#### WHAT YOU NEED TO DO
Leave out every line that comes before the one containing "2431 Cone Flower Trail", and reproduce the rest of the listing below exactly, through its last line.

#### DATASET CONTENT
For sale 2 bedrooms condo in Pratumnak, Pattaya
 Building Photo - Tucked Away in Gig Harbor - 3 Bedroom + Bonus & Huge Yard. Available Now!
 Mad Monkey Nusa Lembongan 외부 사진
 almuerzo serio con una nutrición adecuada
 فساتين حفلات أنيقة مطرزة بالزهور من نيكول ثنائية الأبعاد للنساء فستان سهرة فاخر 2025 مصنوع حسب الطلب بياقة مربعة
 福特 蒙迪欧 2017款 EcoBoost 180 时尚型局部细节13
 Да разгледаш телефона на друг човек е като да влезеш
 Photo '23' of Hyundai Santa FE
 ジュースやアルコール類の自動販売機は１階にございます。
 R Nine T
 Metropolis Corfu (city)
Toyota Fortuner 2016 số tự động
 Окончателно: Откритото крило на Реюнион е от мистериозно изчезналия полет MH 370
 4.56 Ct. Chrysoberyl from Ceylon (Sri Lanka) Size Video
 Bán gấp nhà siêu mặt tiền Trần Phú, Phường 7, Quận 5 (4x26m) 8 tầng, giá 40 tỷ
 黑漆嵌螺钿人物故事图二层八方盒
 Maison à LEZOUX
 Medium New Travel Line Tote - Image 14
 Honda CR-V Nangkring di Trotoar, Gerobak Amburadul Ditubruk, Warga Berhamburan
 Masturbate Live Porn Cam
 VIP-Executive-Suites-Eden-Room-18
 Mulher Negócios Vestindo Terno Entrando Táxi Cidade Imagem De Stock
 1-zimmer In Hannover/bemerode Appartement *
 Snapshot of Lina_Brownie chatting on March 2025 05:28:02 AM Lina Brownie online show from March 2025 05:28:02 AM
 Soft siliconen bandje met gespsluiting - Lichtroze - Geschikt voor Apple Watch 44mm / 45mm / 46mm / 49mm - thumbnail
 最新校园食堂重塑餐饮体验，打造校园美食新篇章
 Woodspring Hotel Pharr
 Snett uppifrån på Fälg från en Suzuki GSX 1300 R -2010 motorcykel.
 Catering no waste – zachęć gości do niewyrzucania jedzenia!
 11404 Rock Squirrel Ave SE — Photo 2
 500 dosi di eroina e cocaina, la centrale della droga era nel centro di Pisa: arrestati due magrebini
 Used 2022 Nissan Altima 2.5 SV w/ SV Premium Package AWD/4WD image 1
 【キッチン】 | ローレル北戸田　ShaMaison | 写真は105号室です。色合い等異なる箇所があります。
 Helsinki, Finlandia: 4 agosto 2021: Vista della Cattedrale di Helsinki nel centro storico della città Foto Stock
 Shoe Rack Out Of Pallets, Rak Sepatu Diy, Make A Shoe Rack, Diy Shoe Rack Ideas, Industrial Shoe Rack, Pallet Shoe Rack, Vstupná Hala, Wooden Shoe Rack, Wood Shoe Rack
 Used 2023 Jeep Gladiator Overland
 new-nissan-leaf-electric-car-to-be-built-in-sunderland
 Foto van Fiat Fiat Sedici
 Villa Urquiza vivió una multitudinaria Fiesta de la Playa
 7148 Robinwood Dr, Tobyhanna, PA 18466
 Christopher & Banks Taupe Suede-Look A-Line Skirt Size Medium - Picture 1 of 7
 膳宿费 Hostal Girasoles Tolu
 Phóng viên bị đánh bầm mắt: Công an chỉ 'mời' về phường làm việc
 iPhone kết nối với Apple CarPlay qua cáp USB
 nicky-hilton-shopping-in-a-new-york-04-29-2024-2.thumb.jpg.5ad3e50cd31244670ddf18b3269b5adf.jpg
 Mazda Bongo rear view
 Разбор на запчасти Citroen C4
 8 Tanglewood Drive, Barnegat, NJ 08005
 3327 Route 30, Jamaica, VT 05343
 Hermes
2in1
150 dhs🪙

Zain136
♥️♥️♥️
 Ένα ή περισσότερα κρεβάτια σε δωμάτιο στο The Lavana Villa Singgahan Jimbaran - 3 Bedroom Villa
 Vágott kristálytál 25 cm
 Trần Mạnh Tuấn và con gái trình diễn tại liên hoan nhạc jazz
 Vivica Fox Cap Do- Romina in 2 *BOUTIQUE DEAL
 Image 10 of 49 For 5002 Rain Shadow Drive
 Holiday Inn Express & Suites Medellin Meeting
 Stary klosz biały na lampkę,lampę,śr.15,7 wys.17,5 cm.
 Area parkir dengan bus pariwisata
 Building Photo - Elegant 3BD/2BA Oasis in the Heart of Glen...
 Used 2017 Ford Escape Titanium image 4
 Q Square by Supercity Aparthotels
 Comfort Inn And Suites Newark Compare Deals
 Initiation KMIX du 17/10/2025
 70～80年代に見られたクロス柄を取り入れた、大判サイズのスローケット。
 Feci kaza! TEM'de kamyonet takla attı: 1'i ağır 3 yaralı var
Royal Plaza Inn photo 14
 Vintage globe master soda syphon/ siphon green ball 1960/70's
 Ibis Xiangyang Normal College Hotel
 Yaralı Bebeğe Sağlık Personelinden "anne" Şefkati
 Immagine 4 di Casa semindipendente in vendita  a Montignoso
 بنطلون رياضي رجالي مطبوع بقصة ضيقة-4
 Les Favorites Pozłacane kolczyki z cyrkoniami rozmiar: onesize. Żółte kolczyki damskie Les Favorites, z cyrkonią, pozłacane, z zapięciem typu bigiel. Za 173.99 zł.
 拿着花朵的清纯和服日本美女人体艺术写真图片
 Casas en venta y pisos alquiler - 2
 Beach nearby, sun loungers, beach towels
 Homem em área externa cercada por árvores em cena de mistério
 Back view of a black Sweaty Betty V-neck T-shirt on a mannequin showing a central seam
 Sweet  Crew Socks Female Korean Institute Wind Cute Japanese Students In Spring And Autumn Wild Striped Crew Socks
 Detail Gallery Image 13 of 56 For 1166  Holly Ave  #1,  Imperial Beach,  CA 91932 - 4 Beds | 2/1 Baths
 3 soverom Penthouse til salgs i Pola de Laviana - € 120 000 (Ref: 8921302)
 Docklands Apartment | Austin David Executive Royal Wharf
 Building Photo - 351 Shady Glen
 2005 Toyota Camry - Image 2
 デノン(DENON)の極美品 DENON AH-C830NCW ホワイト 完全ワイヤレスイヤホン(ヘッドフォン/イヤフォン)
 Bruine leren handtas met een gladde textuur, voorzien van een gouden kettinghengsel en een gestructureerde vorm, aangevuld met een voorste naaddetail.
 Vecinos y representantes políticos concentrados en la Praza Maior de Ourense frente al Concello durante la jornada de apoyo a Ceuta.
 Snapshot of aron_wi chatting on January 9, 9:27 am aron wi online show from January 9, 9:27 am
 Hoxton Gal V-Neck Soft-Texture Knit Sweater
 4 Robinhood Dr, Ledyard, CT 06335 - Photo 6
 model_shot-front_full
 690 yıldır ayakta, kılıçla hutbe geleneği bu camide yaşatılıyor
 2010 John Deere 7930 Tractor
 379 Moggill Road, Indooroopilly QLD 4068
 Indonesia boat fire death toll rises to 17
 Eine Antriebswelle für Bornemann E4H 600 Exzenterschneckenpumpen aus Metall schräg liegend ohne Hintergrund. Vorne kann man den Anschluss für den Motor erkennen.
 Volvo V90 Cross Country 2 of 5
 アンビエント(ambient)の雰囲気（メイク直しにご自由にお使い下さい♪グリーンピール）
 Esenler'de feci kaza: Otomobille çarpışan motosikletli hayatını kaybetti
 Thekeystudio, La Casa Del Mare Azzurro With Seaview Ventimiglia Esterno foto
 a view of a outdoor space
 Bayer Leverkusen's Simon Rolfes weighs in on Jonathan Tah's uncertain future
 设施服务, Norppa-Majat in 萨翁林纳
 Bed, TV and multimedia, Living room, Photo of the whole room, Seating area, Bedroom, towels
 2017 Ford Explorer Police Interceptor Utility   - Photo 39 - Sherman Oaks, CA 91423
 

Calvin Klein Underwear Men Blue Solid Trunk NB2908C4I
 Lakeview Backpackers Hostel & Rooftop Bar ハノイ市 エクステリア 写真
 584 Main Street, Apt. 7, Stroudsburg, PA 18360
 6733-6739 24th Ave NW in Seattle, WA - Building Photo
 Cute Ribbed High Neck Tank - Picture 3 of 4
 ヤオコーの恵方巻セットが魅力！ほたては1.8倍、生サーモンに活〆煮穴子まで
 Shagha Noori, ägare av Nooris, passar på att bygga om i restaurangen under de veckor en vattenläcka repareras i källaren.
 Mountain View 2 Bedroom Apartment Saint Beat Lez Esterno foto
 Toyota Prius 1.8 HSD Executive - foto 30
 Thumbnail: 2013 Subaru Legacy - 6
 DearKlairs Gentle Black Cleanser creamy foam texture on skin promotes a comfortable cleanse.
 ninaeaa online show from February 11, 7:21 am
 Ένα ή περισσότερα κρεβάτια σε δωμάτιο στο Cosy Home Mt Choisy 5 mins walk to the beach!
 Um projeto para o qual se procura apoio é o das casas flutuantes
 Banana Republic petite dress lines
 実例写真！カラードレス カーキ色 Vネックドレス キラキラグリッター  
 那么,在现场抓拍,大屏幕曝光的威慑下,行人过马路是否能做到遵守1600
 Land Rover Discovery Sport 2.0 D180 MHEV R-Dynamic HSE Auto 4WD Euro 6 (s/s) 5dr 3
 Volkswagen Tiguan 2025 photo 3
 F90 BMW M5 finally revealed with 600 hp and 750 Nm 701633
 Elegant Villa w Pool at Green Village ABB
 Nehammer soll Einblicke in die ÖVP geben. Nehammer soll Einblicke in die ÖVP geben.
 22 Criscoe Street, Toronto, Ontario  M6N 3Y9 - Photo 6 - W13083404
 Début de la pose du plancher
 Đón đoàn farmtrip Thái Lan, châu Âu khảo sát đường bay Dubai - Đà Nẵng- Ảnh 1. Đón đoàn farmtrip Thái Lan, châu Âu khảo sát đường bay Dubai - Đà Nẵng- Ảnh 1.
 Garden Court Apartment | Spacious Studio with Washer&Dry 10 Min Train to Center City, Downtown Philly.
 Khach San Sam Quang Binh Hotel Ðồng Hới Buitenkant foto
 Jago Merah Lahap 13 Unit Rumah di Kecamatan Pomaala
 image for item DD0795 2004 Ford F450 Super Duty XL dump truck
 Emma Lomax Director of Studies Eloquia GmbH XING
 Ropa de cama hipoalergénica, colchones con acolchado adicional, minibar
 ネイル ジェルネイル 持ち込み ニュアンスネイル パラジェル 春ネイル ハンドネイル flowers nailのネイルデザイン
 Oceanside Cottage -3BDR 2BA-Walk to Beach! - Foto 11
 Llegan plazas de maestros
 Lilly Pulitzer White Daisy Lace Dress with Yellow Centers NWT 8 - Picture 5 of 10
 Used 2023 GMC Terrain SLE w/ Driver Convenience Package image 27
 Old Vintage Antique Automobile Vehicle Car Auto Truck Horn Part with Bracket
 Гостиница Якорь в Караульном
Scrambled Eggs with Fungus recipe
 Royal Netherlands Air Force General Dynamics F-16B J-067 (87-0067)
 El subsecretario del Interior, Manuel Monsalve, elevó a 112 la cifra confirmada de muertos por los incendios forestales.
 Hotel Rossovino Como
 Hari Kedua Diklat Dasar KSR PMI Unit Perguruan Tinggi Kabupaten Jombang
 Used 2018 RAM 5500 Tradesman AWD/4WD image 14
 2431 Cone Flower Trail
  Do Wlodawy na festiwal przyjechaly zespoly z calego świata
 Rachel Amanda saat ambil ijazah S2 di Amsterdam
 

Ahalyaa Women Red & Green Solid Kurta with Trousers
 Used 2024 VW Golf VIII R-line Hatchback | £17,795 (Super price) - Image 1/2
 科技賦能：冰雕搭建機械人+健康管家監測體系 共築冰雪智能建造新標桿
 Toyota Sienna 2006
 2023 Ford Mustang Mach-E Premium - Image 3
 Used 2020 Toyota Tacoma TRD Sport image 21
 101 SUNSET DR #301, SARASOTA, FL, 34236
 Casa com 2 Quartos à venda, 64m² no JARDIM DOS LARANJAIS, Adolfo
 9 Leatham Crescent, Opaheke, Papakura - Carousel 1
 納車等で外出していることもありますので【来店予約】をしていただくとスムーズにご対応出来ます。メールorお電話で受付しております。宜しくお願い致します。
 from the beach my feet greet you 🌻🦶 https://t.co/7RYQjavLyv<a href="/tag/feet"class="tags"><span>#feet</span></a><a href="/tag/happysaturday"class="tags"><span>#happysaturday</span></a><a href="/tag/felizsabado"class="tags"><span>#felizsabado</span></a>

#### ANSWER TO THIS PROBLEM
 2431 Cone Flower Trail
  Do Wlodawy na festiwal przyjechaly zespoly z calego świata
 Rachel Amanda saat ambil ijazah S2 di Amsterdam
 

Ahalyaa Women Red & Green Solid Kurta with Trousers
 Used 2024 VW Golf VIII R-line Hatchback | £17,795 (Super price) - Image 1/2
 科技賦能：冰雕搭建機械人+健康管家監測體系 共築冰雪智能建造新標桿
 Toyota Sienna 2006
 2023 Ford Mustang Mach-E Premium - Image 3
 Used 2020 Toyota Tacoma TRD Sport image 21
 101 SUNSET DR #301, SARASOTA, FL, 34236
 Casa com 2 Quartos à venda, 64m² no JARDIM DOS LARANJAIS, Adolfo
 9 Leatham Crescent, Opaheke, Papakura - Carousel 1
 納車等で外出していることもありますので【来店予約】をしていただくとスムーズにご対応出来ます。メールorお電話で受付しております。宜しくお願い致します。
 from the beach my feet greet you 🌻🦶 https://t.co/7RYQjavLyv<a href="/tag/feet"class="tags"><span>#feet</span></a><a href="/tag/happysaturday"class="tags"><span>#happysaturday</span></a><a href="/tag/felizsabado"class="tags"><span>#felizsabado</span></a>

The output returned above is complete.